What this task involves -> Going down the listing below, print exactly each line from the one with "Banh-uot-bun-thit-nuong-huyen-anh-huetoplist" up to and including the one with "epa08616547 Children play", and skip the rest.

Extracted records ->
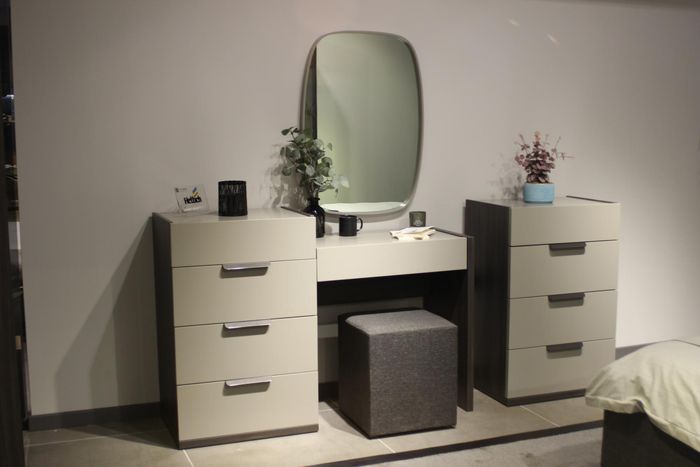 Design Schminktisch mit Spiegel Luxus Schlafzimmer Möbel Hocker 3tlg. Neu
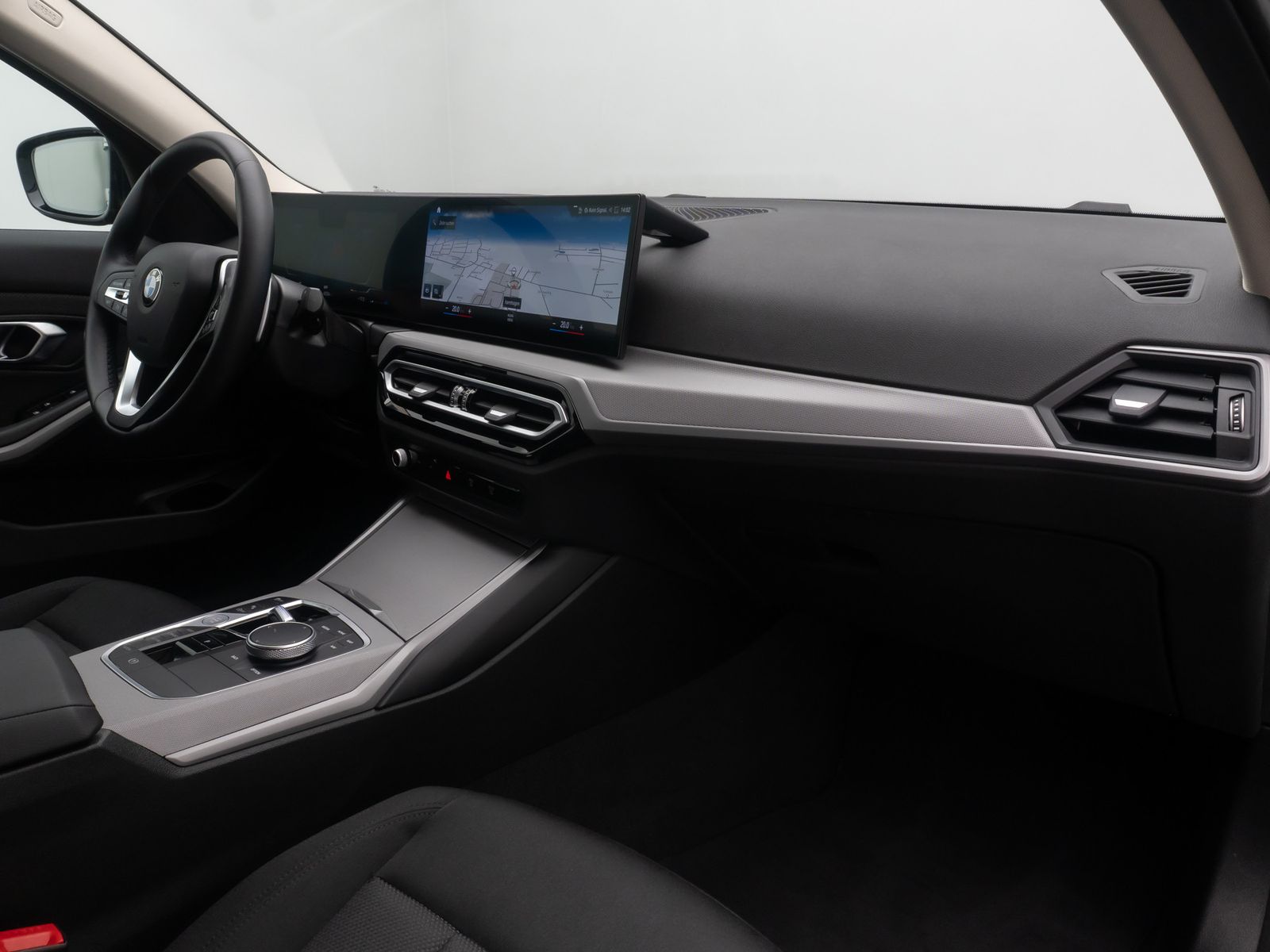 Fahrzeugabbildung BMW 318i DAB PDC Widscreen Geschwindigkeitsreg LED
--
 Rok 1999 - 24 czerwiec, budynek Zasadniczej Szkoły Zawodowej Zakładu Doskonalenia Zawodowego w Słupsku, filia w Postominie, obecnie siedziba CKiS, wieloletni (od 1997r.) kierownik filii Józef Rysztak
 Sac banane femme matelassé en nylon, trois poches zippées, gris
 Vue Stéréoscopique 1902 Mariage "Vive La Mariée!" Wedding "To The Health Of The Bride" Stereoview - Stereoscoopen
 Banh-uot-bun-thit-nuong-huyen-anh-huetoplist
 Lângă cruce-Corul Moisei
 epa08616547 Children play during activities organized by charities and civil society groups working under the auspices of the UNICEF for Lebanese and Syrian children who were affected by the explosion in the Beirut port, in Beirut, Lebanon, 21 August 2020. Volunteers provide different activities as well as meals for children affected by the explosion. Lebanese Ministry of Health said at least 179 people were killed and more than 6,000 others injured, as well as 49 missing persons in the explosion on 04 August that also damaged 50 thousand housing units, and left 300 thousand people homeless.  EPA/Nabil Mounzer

Task solution ->
 Banh-uot-bun-thit-nuong-huyen-anh-huetoplist
 Lângă cruce-Corul Moisei
 epa08616547 Children play during activities organized by charities and civil society groups working under the auspices of the UNICEF for Lebanese and Syrian children who were affected by the explosion in the Beirut port, in Beirut, Lebanon, 21 August 2020. Volunteers provide different activities as well as meals for children affected by the explosion. Lebanese Ministry of Health said at least 179 people were killed and more than 6,000 others injured, as well as 49 missing persons in the explosion on 04 August that also damaged 50 thousand housing units, and left 300 thousand people homeless.  EPA/Nabil Mounzer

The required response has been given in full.